I’m encountering an issue while trying to copy files from an SFTP server to Blob Storage using Azure Data Factory (ADF) Copy Activity. The specific error message I’m receiving is as follows:
ErrorCode=DelimitedTextMoreColumnsThanDefined,’Type=Microsoft.DataTransfer.Common.Shared.HybridDeliveryException,Message=Error found when processing ‘Csv/Tsv Format Text’ source ‘CRM_XXX_###.CSV’ with row number 1140713: found more columns than expected column count 369.,Source=Microsoft.DataTransfer.Common,’
Context:
- I’m using Azure Data Factory to copy CSV files from an SFTP server to Azure Blob Storage.
- The CSV file ‘CRM_XXX-###.CSV’ is quite large and contains many rows (3.8 GB).

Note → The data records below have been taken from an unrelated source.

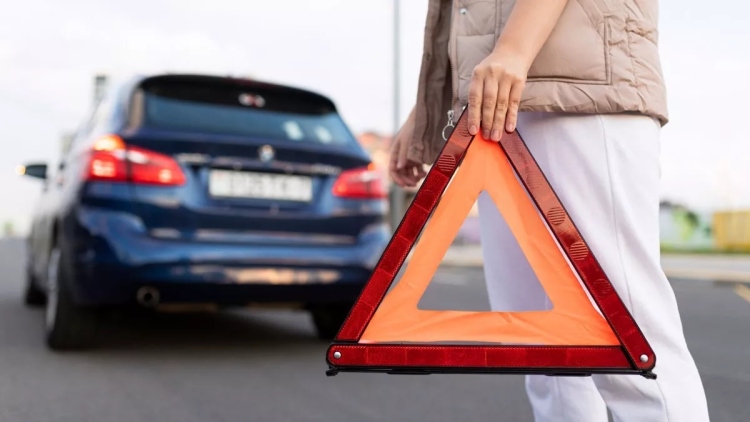 Τέλος το τρίγωνο, έρχεται ο φάρος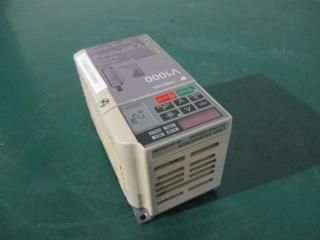  YASKAWA V1000 Inverter CIMR-VA2A0002BSA С 0.4KW/0.2KW AC3PH 200-240V 50/60Hz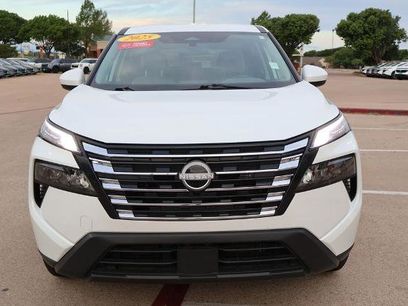 Certified 2025 Nissan Rogue SV
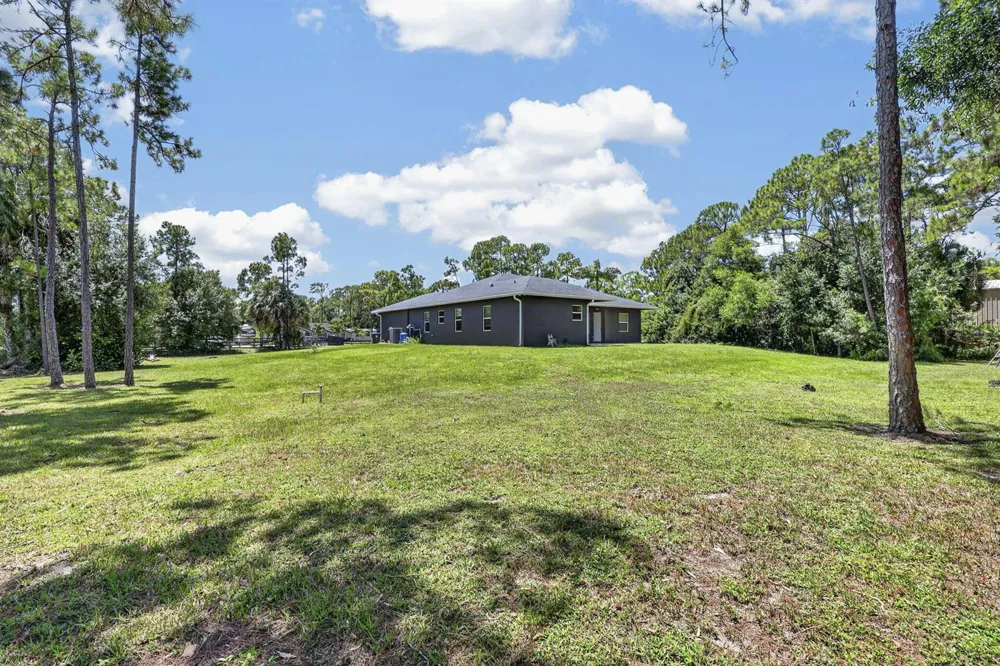17519 Tangerine Boulevard Loxahatchee, FL 33470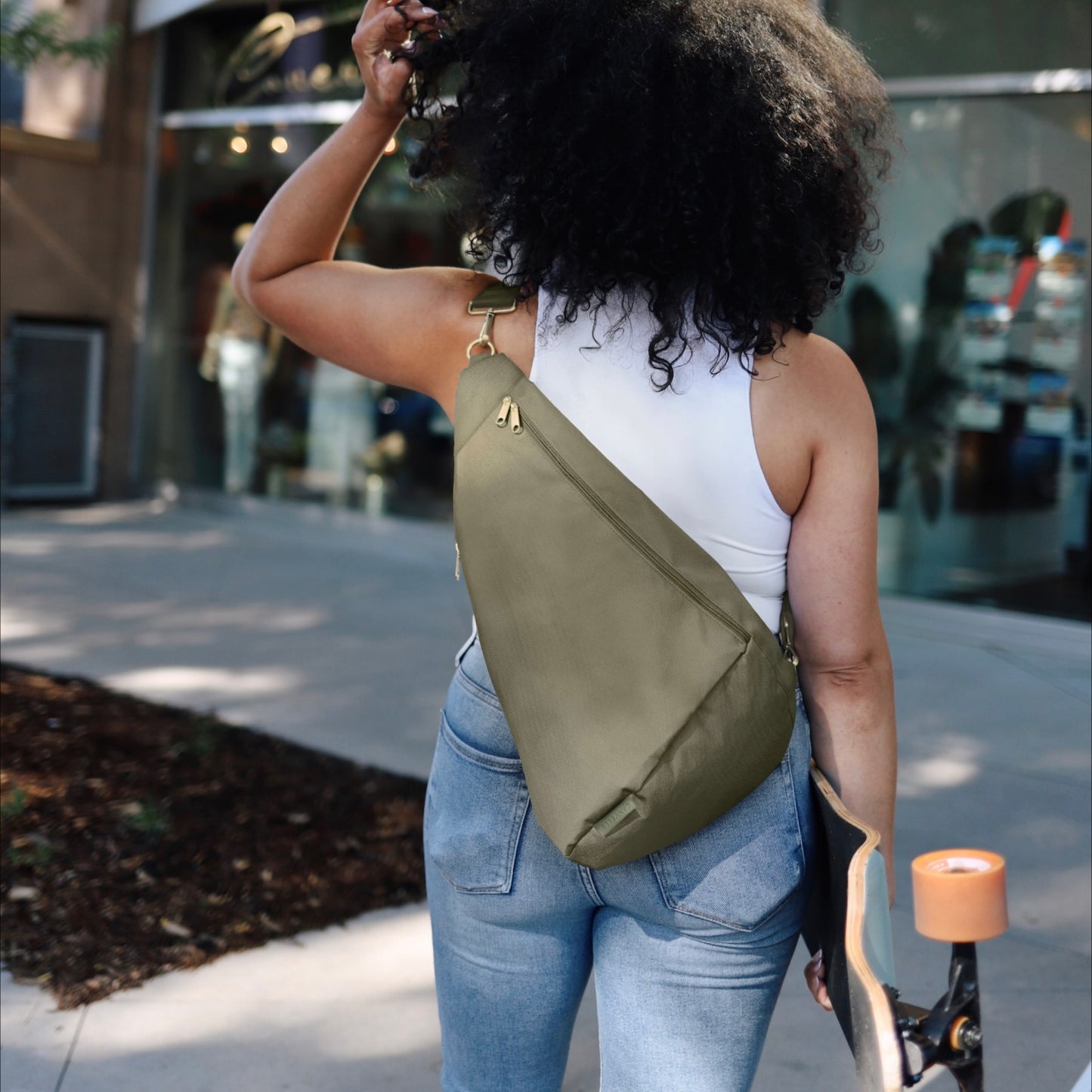 Contour Sling Bag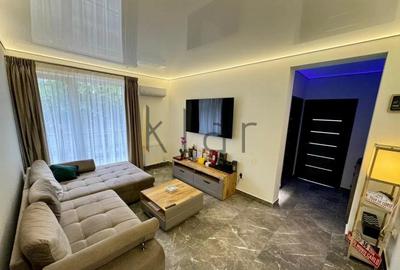 Apartament cu 3 camere semidecomandat, mobilat în Florești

- The specified column count in the dataset schema is 369.
Problem:
- The error occurs at row number 1,140,713 where it seems to find more columns than expected (more than 369 columns).

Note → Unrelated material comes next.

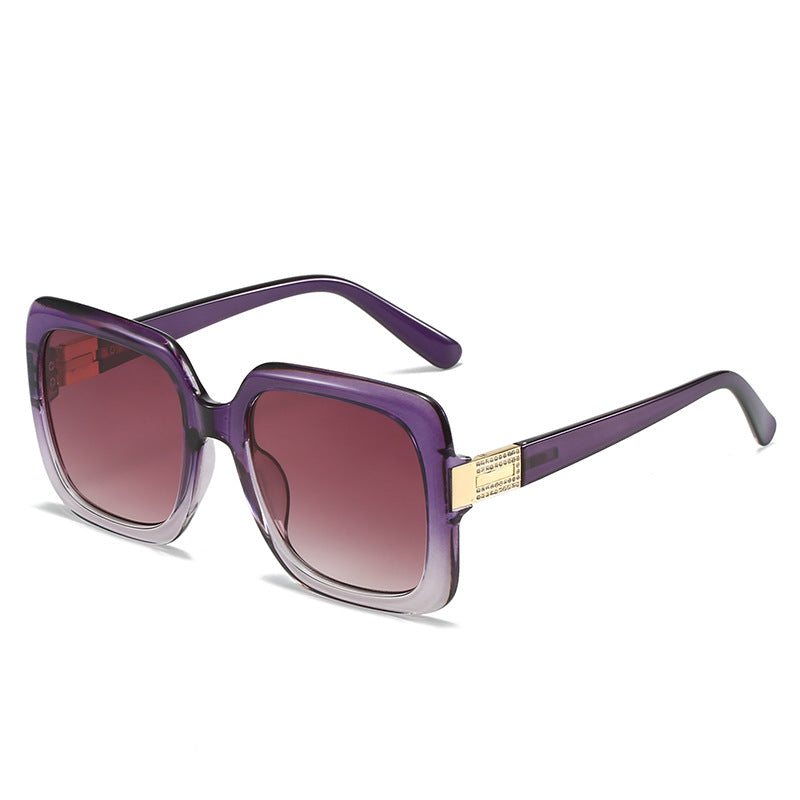 Women's elegant oversized sunglasses with luxurious metal accents Bowlift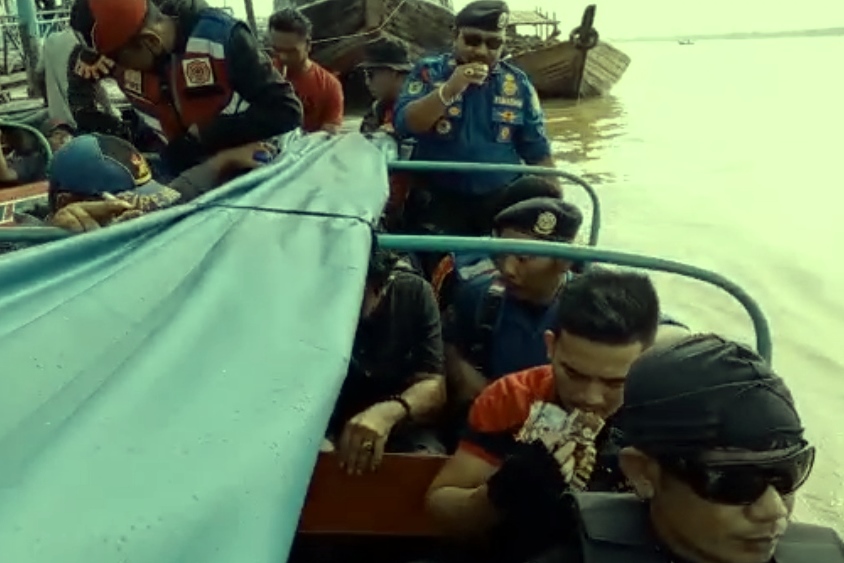Tangkap Buaya, DPKP Inhil Terjunkan TRC ke Kuindra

- This error halts the copy activity, preventing the file from being fully processed and copied.
Steps I’ve Taken:
- Checked the dataset schema in ADF to ensure the column count is set to 369.
- Verified the CSV file format and structure to confirm it adheres to the expected column count.
- Tried to locate and inspect the problematic row (1,140,713) in the CSV file but couldn’t identify any anomalies manually as the file is too big.
Questions:
- What could be causing this discrepancy in the column count?
- Are there any best practices or tools to handle or preprocess large CSV files to avoid such issues in ADF?
- Is there a way to configure ADF to skip or log the problematic rows instead of failing the entire copy activity?
Additional Information:
- The source file is quite large (several million rows).
- Manually inspecting the entire file is not feasible due to its size.
Any insights or suggestions on how to resolve or work around this issue would be greatly appreciated!